The Communist Party will meet in mid-October to select new leadership for the party’s Central Committee, the 25-person Politburo and the 7-person Politburo Standing Committee. President Xi Jinping is vying for an unprecedented third term after his predecessors stepped down after just two consecutive 5-year terms. It will be interesting to see if Xi can survive a vote of confidence from the Central Committee after several missteps.
News on Some of Our Stocks as We Approach Earnings Season
The Porsche IPO opened trading on the Frankfurt exchange last week and it was a big hit as the stock rose 4% above the IPO price after being oversubscribed by almost 2-to-1. For those of you who own Volkswagen AG (VWAGY), VW will spin off Porsche shares or cash in a special distribution on October 4th.
I think Porsche has the potential to reach Tesla-like valuations (now trading at 48 times 2023 earnings estimates), since it has record-high operating margins, and its 2023 Macan EV should be a top seller. Porsche is trading at about 15 times forecasted earnings vs. the 31 times forecasted 2023 earnings for Ferrari and 46 times earnings for Tesla, so there is plenty of appreciation potential for Porsche.
Our energy stocks firmed up last week, as Hurricane Ian curtailed crude oil production and refining in the Gulf of Mexico. Additionally, the Nordstream 1 pipeline was sabotaged (by parties unknown, so far), suffering a major leak in the Baltic Sea that is visible from the air, so Europe is now cut off from all Russian natural gas and panic is starting to set in. Thermostats will have to be turned down lower this winter, so it will be interesting to see what temperature the European Union (EU) will mandate.
Our average large-cap growth stock is now characterized by 64% annual sales growth and 474% annual earnings growth, so we’re excited about the upcoming earnings announcement season, beginning in mid-October. Furthermore, the analyst community has revised their consensus earnings estimate 22.3% higher in the past three months. Our average large-cap growth stock is now trading at only 9.8 times median trailing earnings and 7.3 median 2023 forecasted earnings. Furthermore, our average large-cap growth stock’s dividend has risen by 152% in the past year. Due to these spectacular fundamental characteristics, I expect our growth stocks to break out in the upcoming weeks and be a silver lining in the stock market.
As I go down the capitalization ladder, the price-to-earnings ratios get even lower. Many small and mid-capitalization stocks are more “domestic” and so they are not being impeded by a strong U.S. dollar. The big story during the third-quarter announcement season will be how many large multinational stocks are being impeded by a strong U.S. dollar, which just hit an all-time high against the British pound.
Navellier & Associates Inc. owns Volkswagen Ag. (VWAGY), in managed accounts and a few accounts own Tesla (TSLA), per client request in managed accounts. Louis Navellier and his family own Volkswagen Ag. (VWAGY), via a Navellier managed account. He does not own Tesla (TSLA) personally.

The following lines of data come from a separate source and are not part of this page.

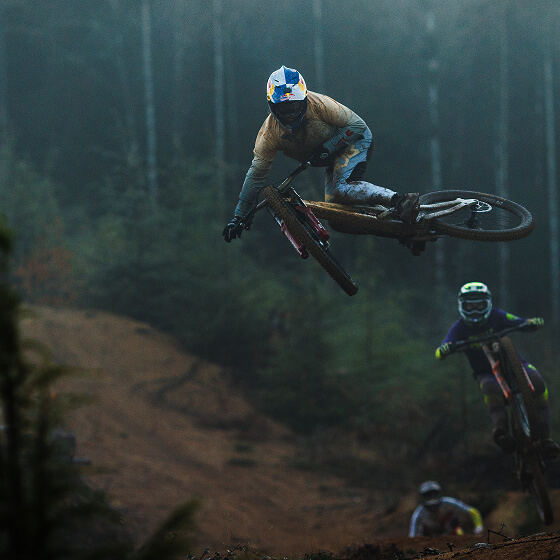 Vali Höll beim Biken im Wald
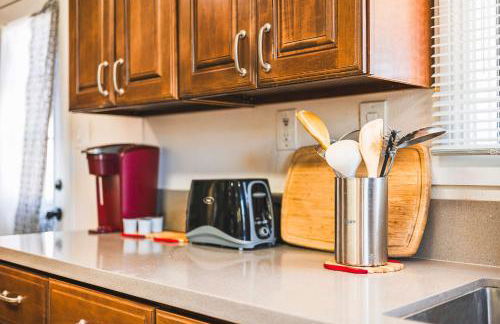 Spacious Retreat w Large Kitchen & Outdoor Patio - Photo 90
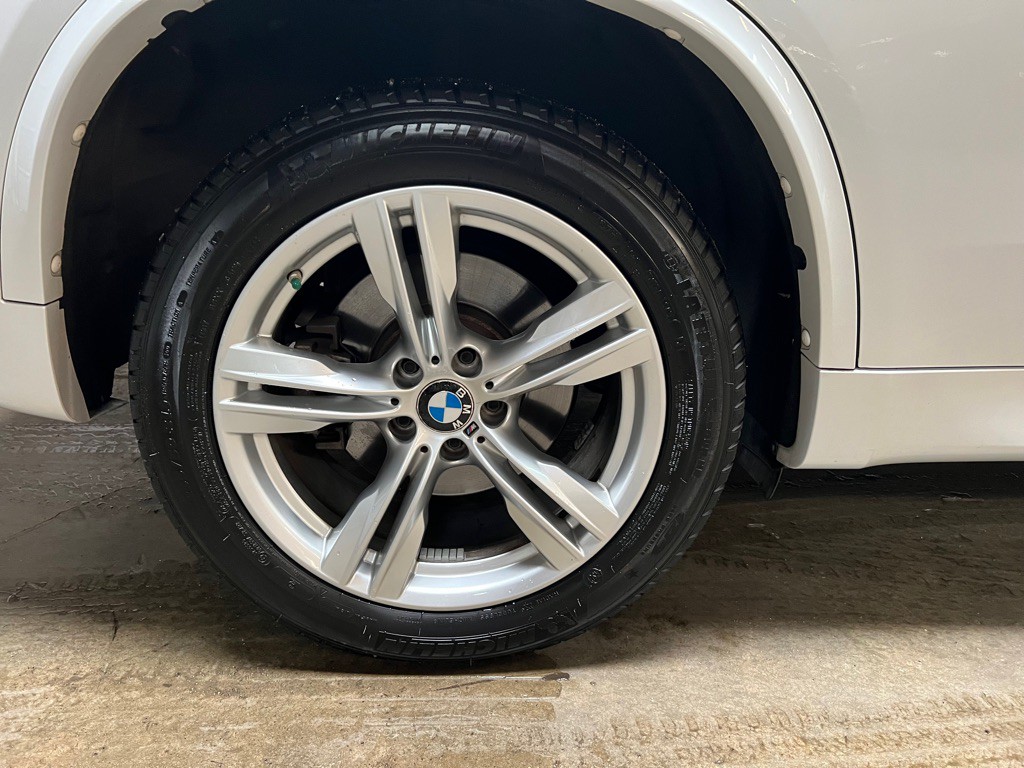 2017 BMW X5 Image 15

Most U.S. Economic Statistics Say “No Recession in the Third Quarter”
The economic news last week came in better than most economists anticipated, so it will be interesting to see if some economists revise their GDP estimates higher. Last Tuesday, the Atlanta Fed left its third-quarter GDP estimate unchanged at an anemic (but positive) +0.3% annual pace, but on Friday the Atlanta Fed shocked economists with a giant leap to +2.4% on the last day of the quarter, even though Hurricane Ian is expected to hinder GDP growth by an estimated 0.3% in the third quarter and 0.1% in the fourth quarter.
Graphs are for illustrative and discussion purposes only. Please read important disclosures at the end of this commentary.
Speaking of GDP, the Commerce Department made its third and final revision to second-quarter GDP on Thursday. According to traditional definitions, the U.S. was in a recession during the first half of 2022, since U.S. GDP contracted at a 0.6% annual pace in the second quarter after contracting in the first quarter as well.
Although Treasury Secretary Janet Yellen initially blamed inventory depletion for the second-quarter GDP contraction, she has been conspicuously silent recently. This is probably because Fed Chair Jerome Powell is now being blamed for any recession, so the heat is off Yellen for now. Nonetheless, all this recession talk amidst higher interest rates basically insures a big change in Congress in the upcoming mid-term elections.
Last Tuesday, the Commerce Department announced that durable goods orders declined 0.2% in August, which is a negative number but much better than the economists’ consensus estimate of a 0.5% decrease. Vehicle orders rose 0.3% in August, while aircraft orders fell 18.5%, which put huge downward pressure on durable goods. Excluding the volatile transportation component, durable goods orders actually rose 0.2%.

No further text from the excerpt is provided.